The answer should be every line below, retyped exactly.

SOURCE DATA:
▼

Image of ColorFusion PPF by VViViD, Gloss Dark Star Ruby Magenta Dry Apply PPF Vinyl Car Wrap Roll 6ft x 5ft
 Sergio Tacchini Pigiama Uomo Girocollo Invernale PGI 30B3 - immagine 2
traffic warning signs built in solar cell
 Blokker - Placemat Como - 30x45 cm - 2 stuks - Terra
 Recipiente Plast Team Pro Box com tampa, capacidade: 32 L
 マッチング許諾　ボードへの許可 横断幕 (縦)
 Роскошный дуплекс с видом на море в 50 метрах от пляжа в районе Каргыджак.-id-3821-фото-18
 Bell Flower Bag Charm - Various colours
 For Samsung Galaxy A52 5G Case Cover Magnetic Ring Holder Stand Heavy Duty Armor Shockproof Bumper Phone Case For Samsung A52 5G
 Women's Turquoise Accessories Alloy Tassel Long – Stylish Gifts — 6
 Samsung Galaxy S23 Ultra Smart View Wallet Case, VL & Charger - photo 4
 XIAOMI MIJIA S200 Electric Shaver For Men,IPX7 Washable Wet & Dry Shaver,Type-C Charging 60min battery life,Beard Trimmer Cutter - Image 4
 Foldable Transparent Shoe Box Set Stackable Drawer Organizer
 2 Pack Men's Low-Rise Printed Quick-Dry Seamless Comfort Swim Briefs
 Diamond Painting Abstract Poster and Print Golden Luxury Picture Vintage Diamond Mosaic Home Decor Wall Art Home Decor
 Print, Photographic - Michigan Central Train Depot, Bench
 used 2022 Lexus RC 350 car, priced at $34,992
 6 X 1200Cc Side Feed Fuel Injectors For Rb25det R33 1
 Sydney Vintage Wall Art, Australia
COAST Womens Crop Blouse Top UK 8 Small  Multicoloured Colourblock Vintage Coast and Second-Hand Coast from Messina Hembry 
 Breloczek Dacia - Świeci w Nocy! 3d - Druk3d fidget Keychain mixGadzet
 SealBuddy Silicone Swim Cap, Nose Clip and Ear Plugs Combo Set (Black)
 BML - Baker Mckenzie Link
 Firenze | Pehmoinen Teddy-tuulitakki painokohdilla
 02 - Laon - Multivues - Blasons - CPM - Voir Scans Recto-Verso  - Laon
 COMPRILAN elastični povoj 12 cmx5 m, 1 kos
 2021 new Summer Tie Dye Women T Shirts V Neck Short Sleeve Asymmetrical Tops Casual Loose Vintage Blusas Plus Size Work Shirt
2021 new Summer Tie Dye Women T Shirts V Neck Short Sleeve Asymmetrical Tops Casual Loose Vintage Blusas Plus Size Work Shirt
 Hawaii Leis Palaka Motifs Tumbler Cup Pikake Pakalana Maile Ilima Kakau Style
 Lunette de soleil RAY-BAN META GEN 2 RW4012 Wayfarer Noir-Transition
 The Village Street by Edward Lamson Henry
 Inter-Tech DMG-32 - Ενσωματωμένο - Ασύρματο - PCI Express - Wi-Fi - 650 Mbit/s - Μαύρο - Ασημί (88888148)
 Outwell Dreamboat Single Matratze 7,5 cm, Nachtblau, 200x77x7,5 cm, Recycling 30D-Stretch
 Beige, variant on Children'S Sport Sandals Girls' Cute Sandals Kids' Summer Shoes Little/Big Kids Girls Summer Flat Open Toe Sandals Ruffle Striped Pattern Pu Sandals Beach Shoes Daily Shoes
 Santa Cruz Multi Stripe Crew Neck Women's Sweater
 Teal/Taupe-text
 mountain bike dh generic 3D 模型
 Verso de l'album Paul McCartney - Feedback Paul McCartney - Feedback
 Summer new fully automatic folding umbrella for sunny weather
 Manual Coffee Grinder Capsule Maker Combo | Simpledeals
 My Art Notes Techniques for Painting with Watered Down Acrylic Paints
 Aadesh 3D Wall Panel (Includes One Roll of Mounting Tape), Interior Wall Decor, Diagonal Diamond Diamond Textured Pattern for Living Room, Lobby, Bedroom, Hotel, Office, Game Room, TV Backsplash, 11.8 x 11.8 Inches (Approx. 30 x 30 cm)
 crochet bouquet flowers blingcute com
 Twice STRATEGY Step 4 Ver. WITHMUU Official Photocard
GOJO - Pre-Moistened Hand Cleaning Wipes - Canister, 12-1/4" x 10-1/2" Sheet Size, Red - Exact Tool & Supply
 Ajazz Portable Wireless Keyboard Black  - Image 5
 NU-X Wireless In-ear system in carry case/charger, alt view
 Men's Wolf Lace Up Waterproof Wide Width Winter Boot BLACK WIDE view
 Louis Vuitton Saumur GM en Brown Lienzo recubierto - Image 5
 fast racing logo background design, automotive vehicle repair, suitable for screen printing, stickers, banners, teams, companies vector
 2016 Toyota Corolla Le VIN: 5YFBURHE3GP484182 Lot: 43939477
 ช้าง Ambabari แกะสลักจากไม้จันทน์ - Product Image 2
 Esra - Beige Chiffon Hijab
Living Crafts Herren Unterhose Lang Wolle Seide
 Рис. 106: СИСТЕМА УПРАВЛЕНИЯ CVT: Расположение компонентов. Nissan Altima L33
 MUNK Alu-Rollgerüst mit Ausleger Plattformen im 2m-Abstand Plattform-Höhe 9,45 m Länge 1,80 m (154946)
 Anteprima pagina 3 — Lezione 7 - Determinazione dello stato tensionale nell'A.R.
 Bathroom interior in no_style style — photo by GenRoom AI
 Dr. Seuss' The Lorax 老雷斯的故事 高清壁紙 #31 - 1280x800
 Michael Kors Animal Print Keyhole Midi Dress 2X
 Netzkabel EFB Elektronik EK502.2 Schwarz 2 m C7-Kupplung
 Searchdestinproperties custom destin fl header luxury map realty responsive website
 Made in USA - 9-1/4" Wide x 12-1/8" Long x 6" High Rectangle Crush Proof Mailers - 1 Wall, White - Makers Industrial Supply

▲

REPLY TO THE TASK:
Image of ColorFusion PPF by VViViD, Gloss Dark Star Ruby Magenta Dry Apply PPF Vinyl Car Wrap Roll 6ft x 5ft
 Sergio Tacchini Pigiama Uomo Girocollo Invernale PGI 30B3 - immagine 2
traffic warning signs built in solar cell
 Blokker - Placemat Como - 30x45 cm - 2 stuks - Terra
 Recipiente Plast Team Pro Box com tampa, capacidade: 32 L
 マッチング許諾　ボードへの許可 横断幕 (縦)
 Роскошный дуплекс с видом на море в 50 метрах от пляжа в районе Каргыджак.-id-3821-фото-18
 Bell Flower Bag Charm - Various colours
 For Samsung Galaxy A52 5G Case Cover Magnetic Ring Holder Stand Heavy Duty Armor Shockproof Bumper Phone Case For Samsung A52 5G
 Women's Turquoise Accessories Alloy Tassel Long – Stylish Gifts — 6
 Samsung Galaxy S23 Ultra Smart View Wallet Case, VL & Charger - photo 4
 XIAOMI MIJIA S200 Electric Shaver For Men,IPX7 Washable Wet & Dry Shaver,Type-C Charging 60min battery life,Beard Trimmer Cutter - Image 4
 Foldable Transparent Shoe Box Set Stackable Drawer Organizer
 2 Pack Men's Low-Rise Printed Quick-Dry Seamless Comfort Swim Briefs
 Diamond Painting Abstract Poster and Print Golden Luxury Picture Vintage Diamond Mosaic Home Decor Wall Art Home Decor
 Print, Photographic - Michigan Central Train Depot, Bench
 used 2022 Lexus RC 350 car, priced at $34,992
 6 X 1200Cc Side Feed Fuel Injectors For Rb25det R33 1
 Sydney Vintage Wall Art, Australia
COAST Womens Crop Blouse Top UK 8 Small  Multicoloured Colourblock Vintage Coast and Second-Hand Coast from Messina Hembry 
 Breloczek Dacia - Świeci w Nocy! 3d - Druk3d fidget Keychain mixGadzet
 SealBuddy Silicone Swim Cap, Nose Clip and Ear Plugs Combo Set (Black)
 BML - Baker Mckenzie Link
 Firenze | Pehmoinen Teddy-tuulitakki painokohdilla
 02 - Laon - Multivues - Blasons - CPM - Voir Scans Recto-Verso  - Laon
 COMPRILAN elastični povoj 12 cmx5 m, 1 kos
 2021 new Summer Tie Dye Women T Shirts V Neck Short Sleeve Asymmetrical Tops Casual Loose Vintage Blusas Plus Size Work Shirt
2021 new Summer Tie Dye Women T Shirts V Neck Short Sleeve Asymmetrical Tops Casual Loose Vintage Blusas Plus Size Work Shirt
 Hawaii Leis Palaka Motifs Tumbler Cup Pikake Pakalana Maile Ilima Kakau Style
 Lunette de soleil RAY-BAN META GEN 2 RW4012 Wayfarer Noir-Transition
 The Village Street by Edward Lamson Henry
 Inter-Tech DMG-32 - Ενσωματωμένο - Ασύρματο - PCI Express - Wi-Fi - 650 Mbit/s - Μαύρο - Ασημί (88888148)
 Outwell Dreamboat Single Matratze 7,5 cm, Nachtblau, 200x77x7,5 cm, Recycling 30D-Stretch
 Beige, variant on Children'S Sport Sandals Girls' Cute Sandals Kids' Summer Shoes Little/Big Kids Girls Summer Flat Open Toe Sandals Ruffle Striped Pattern Pu Sandals Beach Shoes Daily Shoes
 Santa Cruz Multi Stripe Crew Neck Women's Sweater
 Teal/Taupe-text
 mountain bike dh generic 3D 模型
 Verso de l'album Paul McCartney - Feedback Paul McCartney - Feedback
 Summer new fully automatic folding umbrella for sunny weather
 Manual Coffee Grinder Capsule Maker Combo | Simpledeals
 My Art Notes Techniques for Painting with Watered Down Acrylic Paints
 Aadesh 3D Wall Panel (Includes One Roll of Mounting Tape), Interior Wall Decor, Diagonal Diamond Diamond Textured Pattern for Living Room, Lobby, Bedroom, Hotel, Office, Game Room, TV Backsplash, 11.8 x 11.8 Inches (Approx. 30 x 30 cm)
 crochet bouquet flowers blingcute com
 Twice STRATEGY Step 4 Ver. WITHMUU Official Photocard
GOJO - Pre-Moistened Hand Cleaning Wipes - Canister, 12-1/4" x 10-1/2" Sheet Size, Red - Exact Tool & Supply
 Ajazz Portable Wireless Keyboard Black  - Image 5
 NU-X Wireless In-ear system in carry case/charger, alt view
 Men's Wolf Lace Up Waterproof Wide Width Winter Boot BLACK WIDE view
 Louis Vuitton Saumur GM en Brown Lienzo recubierto - Image 5
 fast racing logo background design, automotive vehicle repair, suitable for screen printing, stickers, banners, teams, companies vector
 2016 Toyota Corolla Le VIN: 5YFBURHE3GP484182 Lot: 43939477
 ช้าง Ambabari แกะสลักจากไม้จันทน์ - Product Image 2
 Esra - Beige Chiffon Hijab
Living Crafts Herren Unterhose Lang Wolle Seide
 Рис. 106: СИСТЕМА УПРАВЛЕНИЯ CVT: Расположение компонентов. Nissan Altima L33
 MUNK Alu-Rollgerüst mit Ausleger Plattformen im 2m-Abstand Plattform-Höhe 9,45 m Länge 1,80 m (154946)
 Anteprima pagina 3 — Lezione 7 - Determinazione dello stato tensionale nell'A.R.
 Bathroom interior in no_style style — photo by GenRoom AI
 Dr. Seuss' The Lorax 老雷斯的故事 高清壁紙 #31 - 1280x800
 Michael Kors Animal Print Keyhole Midi Dress 2X
 Netzkabel EFB Elektronik EK502.2 Schwarz 2 m C7-Kupplung
 Searchdestinproperties custom destin fl header luxury map realty responsive website
 Made in USA - 9-1/4" Wide x 12-1/8" Long x 6" High Rectangle Crush Proof Mailers - 1 Wall, White - Makers Industrial Supply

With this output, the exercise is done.